Source data =
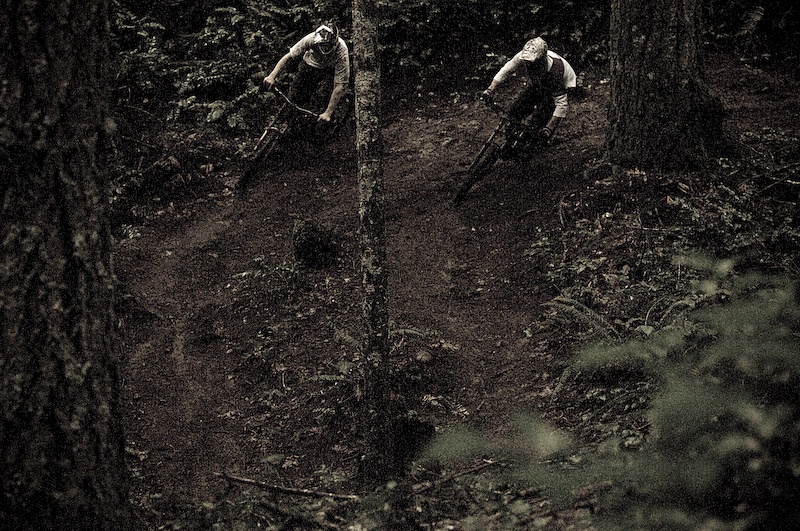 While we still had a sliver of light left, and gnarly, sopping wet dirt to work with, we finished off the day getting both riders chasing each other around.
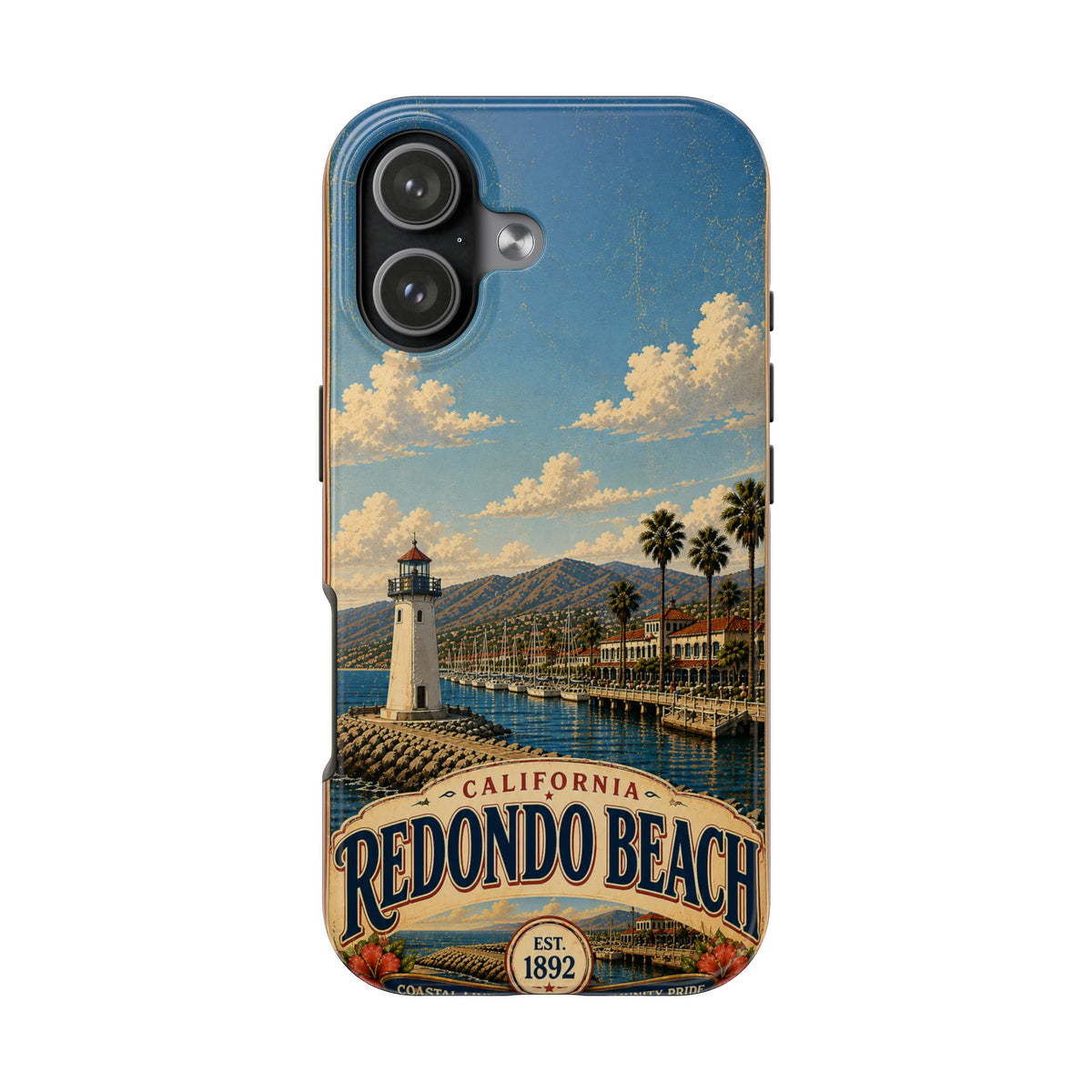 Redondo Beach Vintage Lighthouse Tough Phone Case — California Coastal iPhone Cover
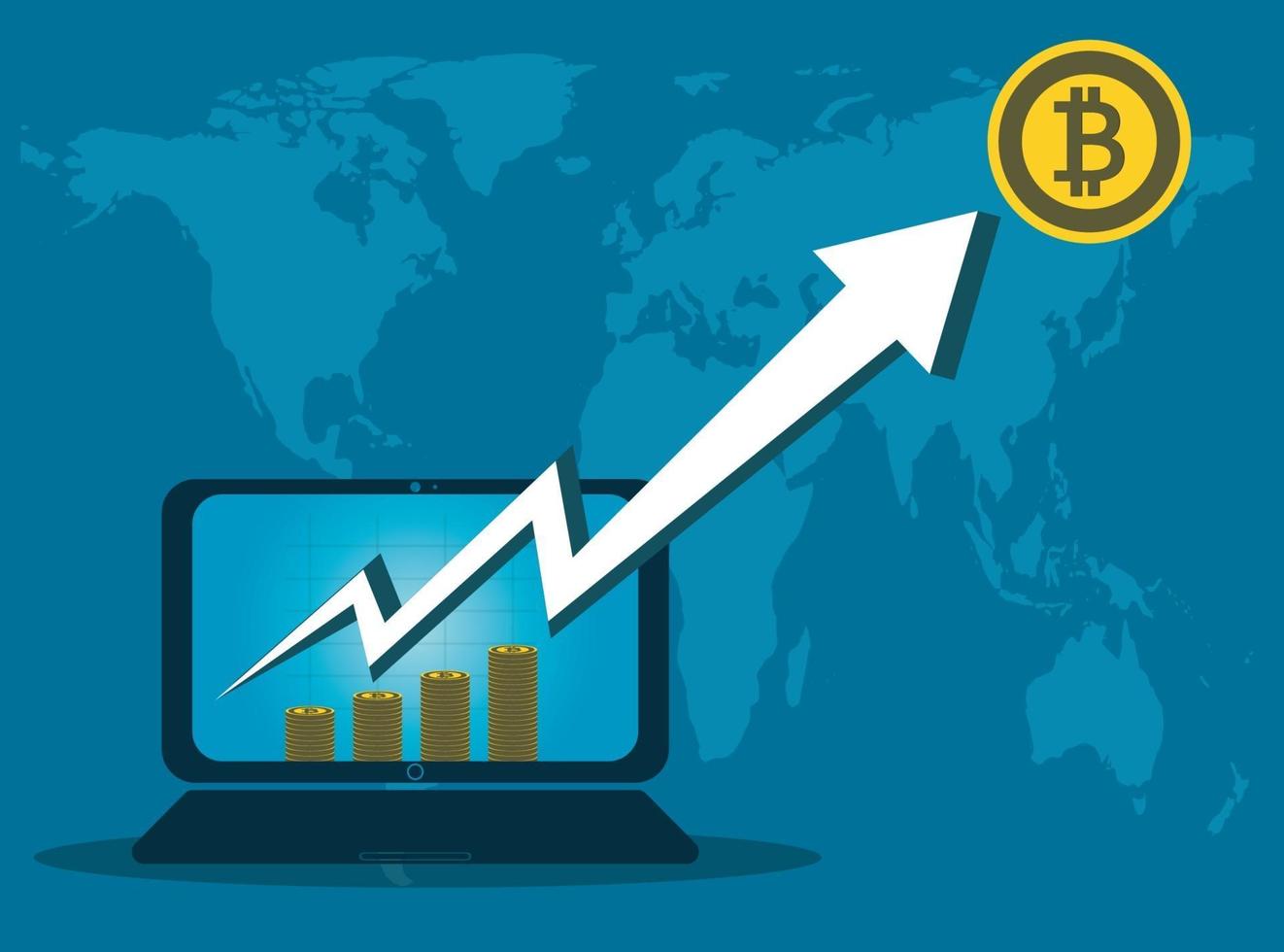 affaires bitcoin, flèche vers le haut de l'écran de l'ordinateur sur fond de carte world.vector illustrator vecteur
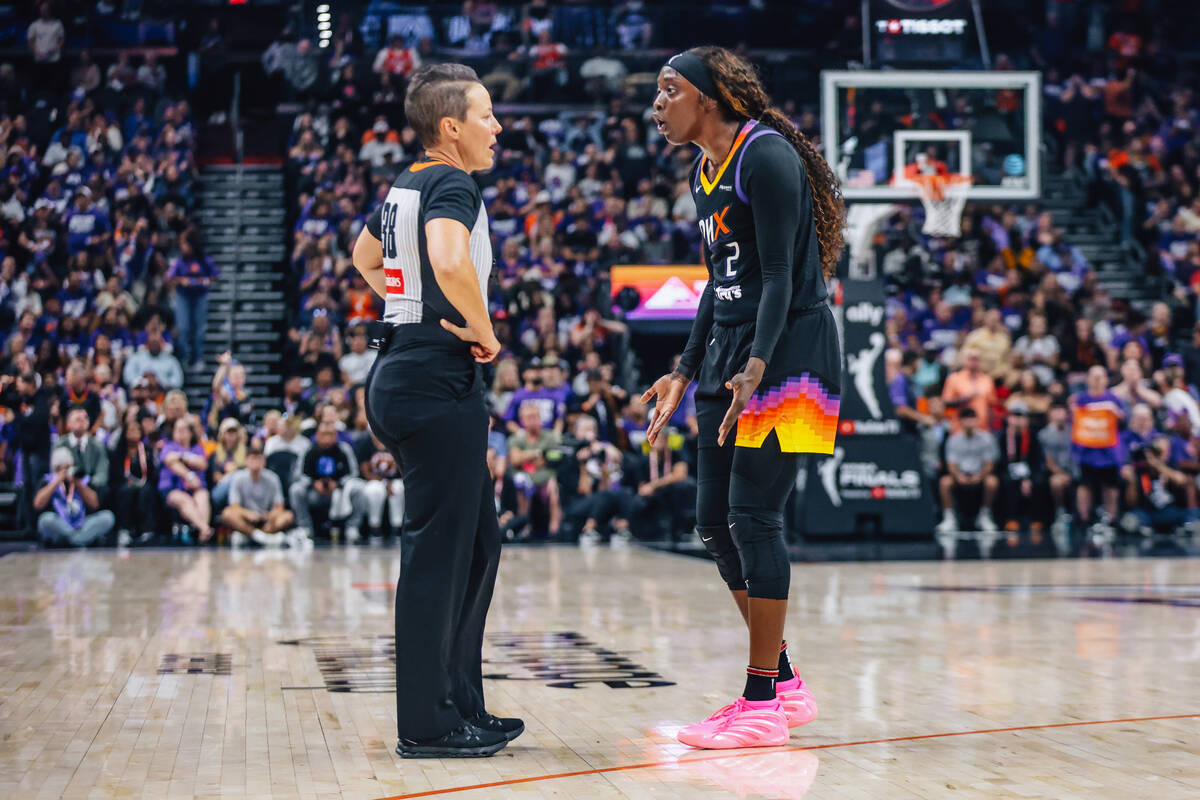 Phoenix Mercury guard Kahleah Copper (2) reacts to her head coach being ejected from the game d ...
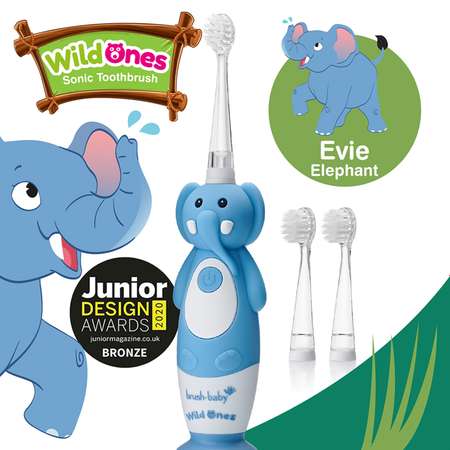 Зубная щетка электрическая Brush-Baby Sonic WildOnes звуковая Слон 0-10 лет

Problem description = Every line from the one with "Redondo Beach Vintage" through the last line of the data must be copied exactly. Leave the pictures out.

Answer to this task =
 Redondo Beach Vintage Lighthouse Tough Phone Case — California Coastal iPhone Cover
 affaires bitcoin, flèche vers le haut de l'écran de l'ordinateur sur fond de carte world.vector illustrator vecteur
 Phoenix Mercury guard Kahleah Copper (2) reacts to her head coach being ejected from the game d ...
 Зубная щетка электрическая Brush-Baby Sonic WildOnes звуковая Слон 0-10 лет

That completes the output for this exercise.